His father, after having helped to lay the tracks for the Union Pacific Railroad after his arrival in the United States from a mountain village in Greece, had moved to New York City and opened a luncheonette in Harlem. The Milonas family was marginal economically and Leo proudly worked there weekends as a boy.

He graduated from George Washington High School in Washington Heights and then entered City College of New York. After earning a bachelor’s degree, he went to Brooklyn Law School and received a law degree in 1960.

He was at a bus stop in Harlem when he met Helen Gannanos, a student at Barnard College who was also the child of Greek immigrants. They would always remember, with amuseument, that they met in front of a chicken slaughterhouse. Leo invied her for a drink, the first of many. They were married on July 31, 1960 and Helen became his wife of 63 years.

Leo practiced law until his appointment as a criminal court judge in 1972. He went on to be a supervising judge of the Bronx County Criminal Court and the Manhattan Criminal Court.

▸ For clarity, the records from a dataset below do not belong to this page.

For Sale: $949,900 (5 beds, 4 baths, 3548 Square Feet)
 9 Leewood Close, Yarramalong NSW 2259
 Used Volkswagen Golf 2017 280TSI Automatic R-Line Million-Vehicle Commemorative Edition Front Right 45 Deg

In 1978 he was elected Supreme Court Justice.

He next became deputy chief administrator of the New York City courts and then oversaw 450 judges as chief administrative judge. He returned to the appellate division in 1993. He retired as a judge in 1998 and joined the law firm of Pillsbury Winthrop Shaw Pittman until retiring, ostensibly, last year but actually continuing to practice until he died.

During his days in court, he became known for his vigorous outcries against prisons, which he called “graduate school for crime.” He even suggested that prisons should be in neighborhoods where prisoners could be close to their families and might have jobs by day and spend only nights in prisons. As a judge, he vigorously fought for the selection of judges based on qualifications, not for political reasons.

As president of the New York Bar Association from 2002 to 2004, he was a passionate defender of the rule of law and due process when both were being endangered after Sept. 11.

The Milonas family first learned of the Vineyard from the late New York City district attorney Robert Morgenthau. On the family’s first visit, they rented a glass house in Menemsha. There were Chilmark summer visits until they discovered West Tisbury. On Music street, they rented the house of the late Jane Brehm. Her grandson Allen Whiting was a fledgling artist and the Milonases often watched him at work in the carriage house behind his grandmother’s.

But then they discovered Pond View Farm, where the late West Tisbury police chief George Manter had a house with a barn for rent. It was ideal. Their daughters Olivia and Alexandra were teenage “barn rats,” doing odd jobs. There, Leo could forget the problems of New York City as he watched the mist settle over Tisbury Great Pond in the evenings and the sun rising in the morning.

The family entertained friends and relations with outdoor cookouts that included fresh steamers as well as inviting Greek dishes. Illustrious guests might be in attendance, along with quacking and attacking Manter ducks.

They went on expeditions to Quansoo. From there, Leo took morning walks or runs to Lucy Vincent Beach. There were frequent fishing expeditions with Bob Morgenthau in his boat, and evenings of fishing off the Menemsha jetty.

On rainy summer evenings, there might be an old Hitchcock movie to see at the Grange Hall, where the judge and his family would arrive with their home-popped popcorn and beach chairs so they could watch from outside.

For a brief moment the Milonases considered buying an old house in Edgartown and having it moved to West Tisbury. In the end, it wasn’t possible and all agreed that Pond View Farm was just the right place for them.

Leo is survived by his wife, Helen, a psychotherapist, of Riverdale, N.Y.; daughters Alexandra Milonas, a psychotherapist, of Brooklyn and Olivia Milonas, a law professor, of Providence, R.I.; grandsons William Milonas-Milligan and Nicholas Milonas-Milligan of Providence; and his son in law, Dr. Benjamin Milligan of Providence, R.I.